The new government is feeling expenditure pressures, including a Sh1.36 trillion debt and a Sh958.5 billion wage bill against tax collections of Sh2 trillion and a slowing economy from elections overhung and global shocks.

If Prof Ndung'u's nomination as Treasury Cabinet Secretary is approved, he will be one of the key men the President will rely on to implement his so-called bottom-up economic model.

The incoming Treasury chief’s first order of business will be to review the current budget and find ways of implementing the Sh300 billion expenditure cuts.

Travel, entertainment, training and publicity budgets will be the first targets in the bid to reduce the nearly Sh1.18 trillion recurrent budget for this fiscal year ending June 2023 by at least one quarter.

The spending cuts will reduce the need to borrow Sh862.5 billion to plug the hole in the Sh3.3 trillion budget for this financial year.

In the current financial year Kenya had planned to borrow Sh280 billion from the international market to fund the budget but global shocks have pushed up the price of dollar loans out of the country’s reach.

Outgoing Treasury Cabinet Secretary Ukur Yatani cancelled the issuance of a Eurobond and syndicated loan early this year due to the high cost of borrowing, with investors at some point demanding rates of up to 22 percent to lend to the country.

Mr Yatani opted for local financing to make up for the shortfall, pushing up domestic borrowing to Sh4.1 trillion and narrowing the gap with foreign loans from Sh302.4 billion in June last year to Sh2.3 billion in the first half of 2022.

Such a policy tends to crowd out the private sector as banks prefer lending to the government, which is considered risk-free.

This means Prof Ndung'u, seen as the force behind the pro-poor policy in the Ruto government's push for cheaper credit to small businesses and individuals, will have to find a way to handle the debt crisis other than borrowing heavily domestically. This may include debt restructuring, which President Ruto indicated would be explored in his maiden address at United Nations General Assembly last month.
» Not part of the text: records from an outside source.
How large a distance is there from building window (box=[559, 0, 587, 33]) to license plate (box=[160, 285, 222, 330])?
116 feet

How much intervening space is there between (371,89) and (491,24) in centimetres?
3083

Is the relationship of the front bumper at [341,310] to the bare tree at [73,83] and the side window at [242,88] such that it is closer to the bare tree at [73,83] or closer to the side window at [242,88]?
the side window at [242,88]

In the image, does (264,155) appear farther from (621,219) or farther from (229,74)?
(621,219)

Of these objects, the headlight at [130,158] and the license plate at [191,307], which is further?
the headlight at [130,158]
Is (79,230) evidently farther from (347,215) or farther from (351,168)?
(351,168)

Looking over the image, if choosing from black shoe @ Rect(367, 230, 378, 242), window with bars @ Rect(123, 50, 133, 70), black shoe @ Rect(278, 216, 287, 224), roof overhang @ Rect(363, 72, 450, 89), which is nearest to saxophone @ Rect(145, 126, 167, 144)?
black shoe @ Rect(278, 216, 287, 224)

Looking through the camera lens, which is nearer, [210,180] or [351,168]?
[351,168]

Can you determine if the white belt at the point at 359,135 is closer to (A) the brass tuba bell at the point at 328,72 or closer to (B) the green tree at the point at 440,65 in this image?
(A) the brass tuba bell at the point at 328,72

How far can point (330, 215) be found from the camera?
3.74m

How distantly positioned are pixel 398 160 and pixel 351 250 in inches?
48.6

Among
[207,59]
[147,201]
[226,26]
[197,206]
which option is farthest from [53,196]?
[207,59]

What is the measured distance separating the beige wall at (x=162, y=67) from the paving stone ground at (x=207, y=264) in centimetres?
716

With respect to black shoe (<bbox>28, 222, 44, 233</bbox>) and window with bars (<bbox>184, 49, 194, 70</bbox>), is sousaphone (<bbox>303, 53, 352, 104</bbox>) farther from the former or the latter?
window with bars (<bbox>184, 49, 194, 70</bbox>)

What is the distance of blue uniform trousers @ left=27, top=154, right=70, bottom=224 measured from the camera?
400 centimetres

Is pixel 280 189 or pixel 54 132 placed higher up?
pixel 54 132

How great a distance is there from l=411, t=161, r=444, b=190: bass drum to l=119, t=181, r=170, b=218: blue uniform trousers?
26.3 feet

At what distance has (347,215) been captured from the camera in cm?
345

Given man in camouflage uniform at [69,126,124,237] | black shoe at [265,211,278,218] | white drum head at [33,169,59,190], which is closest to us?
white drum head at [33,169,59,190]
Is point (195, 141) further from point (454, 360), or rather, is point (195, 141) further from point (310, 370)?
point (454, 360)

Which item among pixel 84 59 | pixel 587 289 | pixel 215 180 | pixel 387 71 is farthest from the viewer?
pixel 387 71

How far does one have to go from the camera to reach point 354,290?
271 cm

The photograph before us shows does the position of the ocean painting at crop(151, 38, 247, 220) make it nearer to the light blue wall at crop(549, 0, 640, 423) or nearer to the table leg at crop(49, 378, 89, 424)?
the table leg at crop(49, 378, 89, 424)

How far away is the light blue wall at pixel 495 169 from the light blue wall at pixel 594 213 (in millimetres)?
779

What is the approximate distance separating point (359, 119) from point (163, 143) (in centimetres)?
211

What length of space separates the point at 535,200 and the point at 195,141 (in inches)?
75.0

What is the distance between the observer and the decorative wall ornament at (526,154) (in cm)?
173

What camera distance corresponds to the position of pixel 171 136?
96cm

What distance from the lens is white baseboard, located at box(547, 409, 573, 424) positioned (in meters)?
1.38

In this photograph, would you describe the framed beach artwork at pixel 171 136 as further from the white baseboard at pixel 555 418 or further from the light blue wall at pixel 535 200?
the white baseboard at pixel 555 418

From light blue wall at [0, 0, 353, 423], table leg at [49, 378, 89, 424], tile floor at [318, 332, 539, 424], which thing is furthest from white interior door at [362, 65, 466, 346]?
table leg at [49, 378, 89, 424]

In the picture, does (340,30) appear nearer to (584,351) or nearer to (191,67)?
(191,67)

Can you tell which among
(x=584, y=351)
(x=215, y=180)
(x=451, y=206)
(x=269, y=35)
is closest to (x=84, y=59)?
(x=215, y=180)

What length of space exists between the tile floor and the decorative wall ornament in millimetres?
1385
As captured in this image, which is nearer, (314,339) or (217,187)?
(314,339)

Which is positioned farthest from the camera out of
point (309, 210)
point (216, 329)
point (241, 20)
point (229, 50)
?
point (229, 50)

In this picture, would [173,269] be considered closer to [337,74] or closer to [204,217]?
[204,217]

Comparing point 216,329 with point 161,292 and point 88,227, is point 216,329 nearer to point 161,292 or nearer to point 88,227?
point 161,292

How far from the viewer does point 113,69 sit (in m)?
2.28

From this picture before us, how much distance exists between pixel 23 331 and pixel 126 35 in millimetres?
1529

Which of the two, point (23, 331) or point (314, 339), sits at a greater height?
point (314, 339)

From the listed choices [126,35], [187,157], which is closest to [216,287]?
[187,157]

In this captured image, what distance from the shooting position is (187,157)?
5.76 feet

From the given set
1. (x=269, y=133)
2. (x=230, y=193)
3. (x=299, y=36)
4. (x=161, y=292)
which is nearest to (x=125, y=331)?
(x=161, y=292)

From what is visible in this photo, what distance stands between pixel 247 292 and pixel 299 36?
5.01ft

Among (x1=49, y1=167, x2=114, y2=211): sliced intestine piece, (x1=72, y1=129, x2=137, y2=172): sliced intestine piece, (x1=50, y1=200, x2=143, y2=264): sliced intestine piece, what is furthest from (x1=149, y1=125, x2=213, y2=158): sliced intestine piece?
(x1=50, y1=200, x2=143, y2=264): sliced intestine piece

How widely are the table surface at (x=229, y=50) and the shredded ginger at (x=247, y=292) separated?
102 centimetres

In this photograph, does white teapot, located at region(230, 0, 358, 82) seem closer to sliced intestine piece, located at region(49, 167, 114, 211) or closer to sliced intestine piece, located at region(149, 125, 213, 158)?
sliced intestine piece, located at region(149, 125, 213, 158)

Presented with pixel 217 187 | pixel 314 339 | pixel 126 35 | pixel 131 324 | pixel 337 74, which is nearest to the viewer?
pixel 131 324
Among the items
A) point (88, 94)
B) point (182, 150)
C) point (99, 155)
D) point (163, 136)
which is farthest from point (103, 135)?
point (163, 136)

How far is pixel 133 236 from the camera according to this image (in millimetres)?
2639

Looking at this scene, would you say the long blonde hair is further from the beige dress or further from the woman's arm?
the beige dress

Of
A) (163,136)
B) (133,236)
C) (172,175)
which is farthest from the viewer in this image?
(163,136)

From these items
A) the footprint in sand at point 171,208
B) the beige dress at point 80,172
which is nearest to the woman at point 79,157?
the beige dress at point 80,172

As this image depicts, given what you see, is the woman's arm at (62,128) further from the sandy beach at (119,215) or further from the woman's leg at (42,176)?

Prof Ndung'u may also be required to issue a local bond denominated in dollars and sell State-owned firms to find alternatives to fund the budget.

He could also follow up on the pledge by Dr Ruto to impose higher taxes on the rich, followed by excise taxes on the consumption of items like beer, cigarettes and betting before targeting workers’ income tax and lastly traders for corporate and sales taxes.

Increasing taxes is, however, fraught with political risks for the new administration, with the President having made a campaign promise to bring down the cost of living.

Kenya is not only short of expenditure targets but has committed to a 38-month International Monetary Fund (IMF) programme where the multilateral lenders have a big say on State policy towards fiscal consolidation.

Prof Ndung'u will be crucial in negotiating terms with the IMF and World Bank who have become the main funders of the government through multi-billion shilling loans.

Kenya failed to deliver some of the IMF milestones set in April last year when the fund approved the $2.34 billion (about Sh257 billion) loan to the country. The new Treasury Cabinet Secretary will now be expected to deliver on the conditions, including lifting subsidies and returning minimum tax on companies.

While his experience and mettle is unquestioned, Prof Ndung'u will likely also answer questions over graft allegations, albeit in good company among President Ruto’s nominees, many of who face similar charges.

An audit on the collapse of Imperial Bank found that the former CBK governor’s wife received gifts from the bank’s former managing director, Abdulmalek Janmohamed, as part of an alleged scheme to co-opt the banking sector regulator into abetting fraud that crippled the lender.